■ **About this exercise**
Looking at the entries, say how many lines contain the string "with". Offer nothing besides the number.

■ **Extracted entries**
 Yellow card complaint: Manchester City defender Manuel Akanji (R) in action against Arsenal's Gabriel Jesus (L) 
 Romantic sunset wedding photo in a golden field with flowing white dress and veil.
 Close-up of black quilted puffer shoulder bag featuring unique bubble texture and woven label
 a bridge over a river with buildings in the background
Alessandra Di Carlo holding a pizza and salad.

...

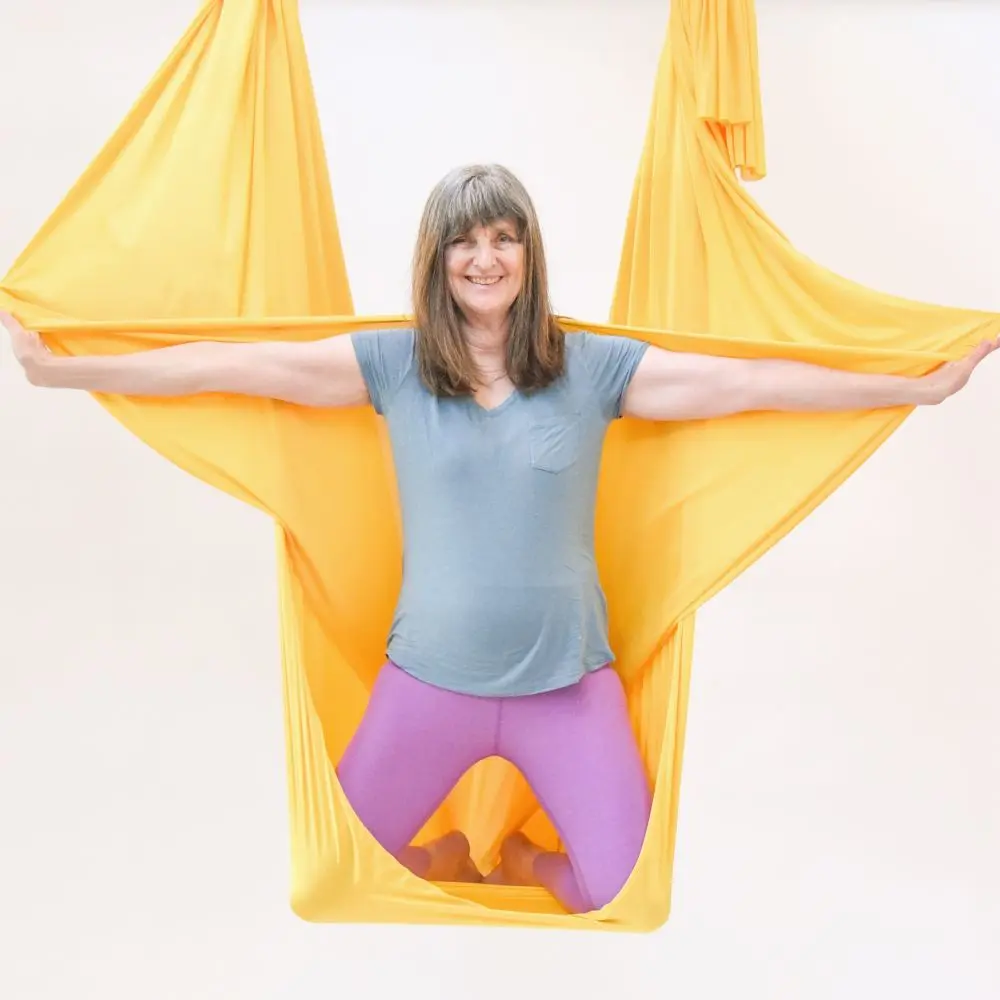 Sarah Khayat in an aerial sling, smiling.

■ **Response to this exercise**
2